La lengua elige a unos cuantos tipos para expresarse, para salvarse, para decir todo lo mucho que tiene que decir, que es decirse a sí misma
(Francisco Umbral)
Cuando es traducida a otro idioma, la página umbraliana pierde su gracia y su mística, el explendor de aurora del introito y el olor a cansancio del traje del trajín del ocaso, que es cuando el idioma en la aventura umbraliana finaliza su periplo.
Los literatos vuelven locos a los traductores, coño, mientras que los buenos narradores son como putas fáciles de cortejar. Los japoneses se volvían locos cuando Cela ganó el nobel porque no encontraban en su lenguaje nipón un equivalente apropiado para tanto palabro.
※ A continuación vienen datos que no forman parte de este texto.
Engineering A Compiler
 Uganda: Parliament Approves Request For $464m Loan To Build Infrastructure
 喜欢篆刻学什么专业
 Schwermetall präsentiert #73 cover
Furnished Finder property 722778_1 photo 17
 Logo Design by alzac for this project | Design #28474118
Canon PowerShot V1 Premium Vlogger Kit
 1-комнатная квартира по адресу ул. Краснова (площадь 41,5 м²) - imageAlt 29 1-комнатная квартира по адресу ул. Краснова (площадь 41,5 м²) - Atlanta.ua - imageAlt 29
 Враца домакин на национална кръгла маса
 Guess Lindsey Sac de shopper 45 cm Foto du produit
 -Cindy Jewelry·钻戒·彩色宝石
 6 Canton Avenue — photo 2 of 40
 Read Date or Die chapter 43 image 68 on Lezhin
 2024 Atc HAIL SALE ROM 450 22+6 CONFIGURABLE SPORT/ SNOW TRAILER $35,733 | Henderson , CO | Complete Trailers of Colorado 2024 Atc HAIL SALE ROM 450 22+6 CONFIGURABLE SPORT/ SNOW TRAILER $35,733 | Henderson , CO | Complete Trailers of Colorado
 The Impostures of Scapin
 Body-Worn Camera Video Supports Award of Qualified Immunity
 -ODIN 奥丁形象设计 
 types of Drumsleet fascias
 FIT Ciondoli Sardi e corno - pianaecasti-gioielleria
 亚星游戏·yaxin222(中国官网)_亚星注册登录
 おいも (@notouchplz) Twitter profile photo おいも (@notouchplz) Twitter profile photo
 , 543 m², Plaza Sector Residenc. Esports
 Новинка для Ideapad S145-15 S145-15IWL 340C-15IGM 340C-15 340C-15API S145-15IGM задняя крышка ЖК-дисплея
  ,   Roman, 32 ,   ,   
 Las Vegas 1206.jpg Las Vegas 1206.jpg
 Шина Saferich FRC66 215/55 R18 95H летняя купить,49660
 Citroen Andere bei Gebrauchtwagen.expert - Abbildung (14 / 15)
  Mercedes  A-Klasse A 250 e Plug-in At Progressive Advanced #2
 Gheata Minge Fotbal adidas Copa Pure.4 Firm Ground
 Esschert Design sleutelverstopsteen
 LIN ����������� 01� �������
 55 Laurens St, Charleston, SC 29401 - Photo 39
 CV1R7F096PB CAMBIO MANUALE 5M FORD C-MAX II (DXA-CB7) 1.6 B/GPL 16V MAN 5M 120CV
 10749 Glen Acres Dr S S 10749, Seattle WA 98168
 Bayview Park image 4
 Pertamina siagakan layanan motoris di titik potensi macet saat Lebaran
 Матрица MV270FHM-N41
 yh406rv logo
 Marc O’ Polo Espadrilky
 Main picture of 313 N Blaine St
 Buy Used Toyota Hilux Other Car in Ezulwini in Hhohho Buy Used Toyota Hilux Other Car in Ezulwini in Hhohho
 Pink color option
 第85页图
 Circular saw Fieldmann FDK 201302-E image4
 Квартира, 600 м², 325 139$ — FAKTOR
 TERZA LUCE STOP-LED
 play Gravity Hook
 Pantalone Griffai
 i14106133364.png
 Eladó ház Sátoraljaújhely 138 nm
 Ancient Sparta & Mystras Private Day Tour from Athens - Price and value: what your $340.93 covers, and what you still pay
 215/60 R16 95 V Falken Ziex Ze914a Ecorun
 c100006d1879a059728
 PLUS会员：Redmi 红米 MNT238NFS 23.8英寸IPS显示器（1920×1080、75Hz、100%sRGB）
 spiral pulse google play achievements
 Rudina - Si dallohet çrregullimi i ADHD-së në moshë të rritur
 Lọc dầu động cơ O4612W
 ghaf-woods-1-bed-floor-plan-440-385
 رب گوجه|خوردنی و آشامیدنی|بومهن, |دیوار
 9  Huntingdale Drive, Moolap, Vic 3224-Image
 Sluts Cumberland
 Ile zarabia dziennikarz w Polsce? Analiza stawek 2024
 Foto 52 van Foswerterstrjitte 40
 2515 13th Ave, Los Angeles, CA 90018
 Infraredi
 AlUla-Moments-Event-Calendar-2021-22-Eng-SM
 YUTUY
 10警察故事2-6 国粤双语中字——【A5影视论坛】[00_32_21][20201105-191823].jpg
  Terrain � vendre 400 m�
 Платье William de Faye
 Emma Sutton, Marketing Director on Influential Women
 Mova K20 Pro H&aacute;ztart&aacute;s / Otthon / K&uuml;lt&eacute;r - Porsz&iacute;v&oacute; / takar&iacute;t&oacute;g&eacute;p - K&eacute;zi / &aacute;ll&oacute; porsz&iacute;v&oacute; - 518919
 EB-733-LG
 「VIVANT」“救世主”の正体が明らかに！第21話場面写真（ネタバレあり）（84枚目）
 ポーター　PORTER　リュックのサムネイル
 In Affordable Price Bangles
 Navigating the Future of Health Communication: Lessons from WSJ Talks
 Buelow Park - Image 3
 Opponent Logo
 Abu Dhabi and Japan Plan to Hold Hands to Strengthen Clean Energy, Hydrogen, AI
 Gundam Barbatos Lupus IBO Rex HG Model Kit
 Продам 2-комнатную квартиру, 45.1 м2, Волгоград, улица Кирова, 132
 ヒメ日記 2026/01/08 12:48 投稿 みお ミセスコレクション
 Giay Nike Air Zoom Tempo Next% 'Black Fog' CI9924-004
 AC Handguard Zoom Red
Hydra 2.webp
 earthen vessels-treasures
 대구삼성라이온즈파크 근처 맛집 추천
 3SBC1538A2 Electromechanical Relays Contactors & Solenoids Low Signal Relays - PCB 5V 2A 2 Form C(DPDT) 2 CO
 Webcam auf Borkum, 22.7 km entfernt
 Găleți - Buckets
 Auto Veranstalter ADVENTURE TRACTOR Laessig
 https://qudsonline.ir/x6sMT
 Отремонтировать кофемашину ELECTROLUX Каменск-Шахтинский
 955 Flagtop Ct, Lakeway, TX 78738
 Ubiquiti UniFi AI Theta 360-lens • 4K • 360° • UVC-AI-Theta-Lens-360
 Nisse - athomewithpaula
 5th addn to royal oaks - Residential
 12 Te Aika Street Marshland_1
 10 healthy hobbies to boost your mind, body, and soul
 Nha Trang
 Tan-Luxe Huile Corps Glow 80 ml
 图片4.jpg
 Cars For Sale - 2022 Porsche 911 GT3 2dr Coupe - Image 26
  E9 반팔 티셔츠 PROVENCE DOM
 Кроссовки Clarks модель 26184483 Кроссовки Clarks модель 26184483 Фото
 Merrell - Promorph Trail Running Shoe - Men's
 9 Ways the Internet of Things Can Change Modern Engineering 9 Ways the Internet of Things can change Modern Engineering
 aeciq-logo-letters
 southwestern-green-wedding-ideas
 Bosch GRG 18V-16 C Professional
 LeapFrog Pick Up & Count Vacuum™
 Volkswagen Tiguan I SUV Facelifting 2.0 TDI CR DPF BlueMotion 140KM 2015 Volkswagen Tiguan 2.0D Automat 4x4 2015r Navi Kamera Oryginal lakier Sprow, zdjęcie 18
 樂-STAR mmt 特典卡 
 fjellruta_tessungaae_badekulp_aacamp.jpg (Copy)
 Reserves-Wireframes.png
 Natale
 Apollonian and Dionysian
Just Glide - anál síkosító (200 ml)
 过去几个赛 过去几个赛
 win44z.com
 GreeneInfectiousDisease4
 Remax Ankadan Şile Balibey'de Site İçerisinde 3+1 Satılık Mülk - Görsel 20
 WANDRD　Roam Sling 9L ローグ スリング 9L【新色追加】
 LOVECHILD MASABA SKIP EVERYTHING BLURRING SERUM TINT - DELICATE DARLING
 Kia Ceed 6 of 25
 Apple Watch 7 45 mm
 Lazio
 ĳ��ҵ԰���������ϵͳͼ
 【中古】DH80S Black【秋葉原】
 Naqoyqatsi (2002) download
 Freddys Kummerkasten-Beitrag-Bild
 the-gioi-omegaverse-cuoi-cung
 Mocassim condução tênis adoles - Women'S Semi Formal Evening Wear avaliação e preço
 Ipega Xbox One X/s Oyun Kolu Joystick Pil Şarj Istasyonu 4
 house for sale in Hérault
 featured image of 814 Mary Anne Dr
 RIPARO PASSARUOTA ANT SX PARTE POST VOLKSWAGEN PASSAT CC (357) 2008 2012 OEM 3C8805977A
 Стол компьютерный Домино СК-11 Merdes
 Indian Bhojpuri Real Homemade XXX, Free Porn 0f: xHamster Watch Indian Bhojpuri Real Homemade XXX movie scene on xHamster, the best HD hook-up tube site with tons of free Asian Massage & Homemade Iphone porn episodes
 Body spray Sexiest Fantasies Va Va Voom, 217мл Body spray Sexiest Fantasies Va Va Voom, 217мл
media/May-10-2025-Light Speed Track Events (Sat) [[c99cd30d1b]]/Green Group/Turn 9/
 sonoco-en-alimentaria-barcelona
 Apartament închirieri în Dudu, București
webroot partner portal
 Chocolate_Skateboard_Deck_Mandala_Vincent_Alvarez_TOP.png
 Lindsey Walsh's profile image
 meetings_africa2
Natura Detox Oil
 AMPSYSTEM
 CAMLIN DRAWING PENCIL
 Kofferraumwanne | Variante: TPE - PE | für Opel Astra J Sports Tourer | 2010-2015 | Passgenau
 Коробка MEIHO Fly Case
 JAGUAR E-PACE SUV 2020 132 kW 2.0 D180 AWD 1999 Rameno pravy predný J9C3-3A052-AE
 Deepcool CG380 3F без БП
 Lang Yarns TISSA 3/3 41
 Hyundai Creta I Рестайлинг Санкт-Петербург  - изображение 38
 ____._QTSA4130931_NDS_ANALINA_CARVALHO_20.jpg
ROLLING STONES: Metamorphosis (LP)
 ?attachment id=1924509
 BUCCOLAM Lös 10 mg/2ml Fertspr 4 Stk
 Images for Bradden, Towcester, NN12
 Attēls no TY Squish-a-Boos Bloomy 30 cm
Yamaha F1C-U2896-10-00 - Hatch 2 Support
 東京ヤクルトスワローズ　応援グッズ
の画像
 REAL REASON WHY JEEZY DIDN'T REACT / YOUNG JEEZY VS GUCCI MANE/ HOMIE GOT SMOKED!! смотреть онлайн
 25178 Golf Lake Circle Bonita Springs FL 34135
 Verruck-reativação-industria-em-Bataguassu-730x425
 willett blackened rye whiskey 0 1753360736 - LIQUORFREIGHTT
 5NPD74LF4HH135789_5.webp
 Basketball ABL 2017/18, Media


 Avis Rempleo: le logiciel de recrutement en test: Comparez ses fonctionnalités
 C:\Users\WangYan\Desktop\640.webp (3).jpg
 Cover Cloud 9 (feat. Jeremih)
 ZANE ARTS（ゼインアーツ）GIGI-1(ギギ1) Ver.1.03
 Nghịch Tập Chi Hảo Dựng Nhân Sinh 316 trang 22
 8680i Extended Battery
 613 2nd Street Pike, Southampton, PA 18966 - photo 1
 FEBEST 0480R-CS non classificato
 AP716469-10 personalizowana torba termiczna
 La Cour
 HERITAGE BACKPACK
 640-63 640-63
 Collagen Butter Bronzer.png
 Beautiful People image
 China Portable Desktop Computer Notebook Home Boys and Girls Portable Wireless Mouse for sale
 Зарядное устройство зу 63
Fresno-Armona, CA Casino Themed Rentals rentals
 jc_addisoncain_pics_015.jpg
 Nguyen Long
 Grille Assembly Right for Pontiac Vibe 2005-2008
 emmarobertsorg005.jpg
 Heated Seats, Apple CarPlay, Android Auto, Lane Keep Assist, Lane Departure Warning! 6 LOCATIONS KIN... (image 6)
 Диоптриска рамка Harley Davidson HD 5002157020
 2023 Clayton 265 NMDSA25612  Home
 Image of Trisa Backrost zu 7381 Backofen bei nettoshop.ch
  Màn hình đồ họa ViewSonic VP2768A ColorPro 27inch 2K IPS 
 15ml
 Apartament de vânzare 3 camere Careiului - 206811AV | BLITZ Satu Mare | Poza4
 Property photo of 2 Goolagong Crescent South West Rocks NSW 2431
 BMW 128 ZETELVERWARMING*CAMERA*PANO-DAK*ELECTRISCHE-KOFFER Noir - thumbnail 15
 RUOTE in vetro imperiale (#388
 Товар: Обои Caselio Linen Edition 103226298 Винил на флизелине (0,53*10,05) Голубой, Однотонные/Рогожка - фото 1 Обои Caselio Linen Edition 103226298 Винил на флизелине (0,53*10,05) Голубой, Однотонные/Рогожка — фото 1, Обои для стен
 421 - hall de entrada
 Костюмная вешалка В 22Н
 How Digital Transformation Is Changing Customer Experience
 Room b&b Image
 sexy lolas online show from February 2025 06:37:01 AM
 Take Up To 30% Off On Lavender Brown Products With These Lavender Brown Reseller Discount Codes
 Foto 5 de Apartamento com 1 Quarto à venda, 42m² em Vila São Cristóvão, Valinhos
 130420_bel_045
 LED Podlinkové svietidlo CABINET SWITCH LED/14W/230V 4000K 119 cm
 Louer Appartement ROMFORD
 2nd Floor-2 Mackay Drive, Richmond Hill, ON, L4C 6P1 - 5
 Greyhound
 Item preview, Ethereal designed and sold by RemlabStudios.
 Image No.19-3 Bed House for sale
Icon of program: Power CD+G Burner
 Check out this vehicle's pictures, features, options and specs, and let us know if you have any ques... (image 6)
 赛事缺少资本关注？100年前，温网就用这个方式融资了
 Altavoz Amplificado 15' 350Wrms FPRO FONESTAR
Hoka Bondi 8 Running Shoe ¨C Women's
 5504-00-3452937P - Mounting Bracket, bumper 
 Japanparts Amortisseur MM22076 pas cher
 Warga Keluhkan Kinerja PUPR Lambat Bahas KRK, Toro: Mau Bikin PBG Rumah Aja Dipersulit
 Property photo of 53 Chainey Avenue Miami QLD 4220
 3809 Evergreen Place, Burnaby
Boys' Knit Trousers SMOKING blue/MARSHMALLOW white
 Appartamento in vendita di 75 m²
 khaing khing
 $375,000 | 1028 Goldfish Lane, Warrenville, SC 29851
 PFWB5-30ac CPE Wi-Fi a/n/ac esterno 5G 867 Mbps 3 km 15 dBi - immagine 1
No me gusta medir versos, y tampoco me ha dado nunca por medir frases en los artículos de opinión , pero se rumorea que Umbral, que en el fondo era más poeta que periodista, escribía sus columnas en endecasílabos. De ahí el ritmo, la música, el pasaporte de la lírica para ser bien acogida por el receptor.
Anteayer tuve un sueño. Un sueño del dormir, no de la vigilia, es que uno sueña mucho, quizá demasiado, duerme y sueña y cuando despierta sigue su cabeza en pos de una quimera o inventando pamplinas, según el momento o la gachí que haya en la parada del autobús , que eso siempre inspira.
Anteayer, digo, volví a soñar con este tipo, no con su egregia figura, sino con un libro suyo no editado, un libro inexistente pero que muy bien podría haber escrito. Era uno más , con el mismo carácter de tantos. Era un volumen de crónicas madrileñas inédito que acababan de publicar después de su ausencia de dos años. Según el dictamen del sueño, era de lo mejorcito, donde se aunaban la pureza de su lírica junto con la impureza de sus recurrentes temas, con los que se conjugaba su peculiar estilo de música y ritmo. El libro se dejaba leer de un tirón , no era muy extenso y creo que tenía fotografías. Lo extraño del sueño, como si fuese un chiste, es que llegado al final, cuando las página en blanco sucedían al magro del texto, yo seguía leyendo, admirado, y exclamaba o pensaba con signo de exclamación: ¡hasta los silencios los escribía en endecasílabos!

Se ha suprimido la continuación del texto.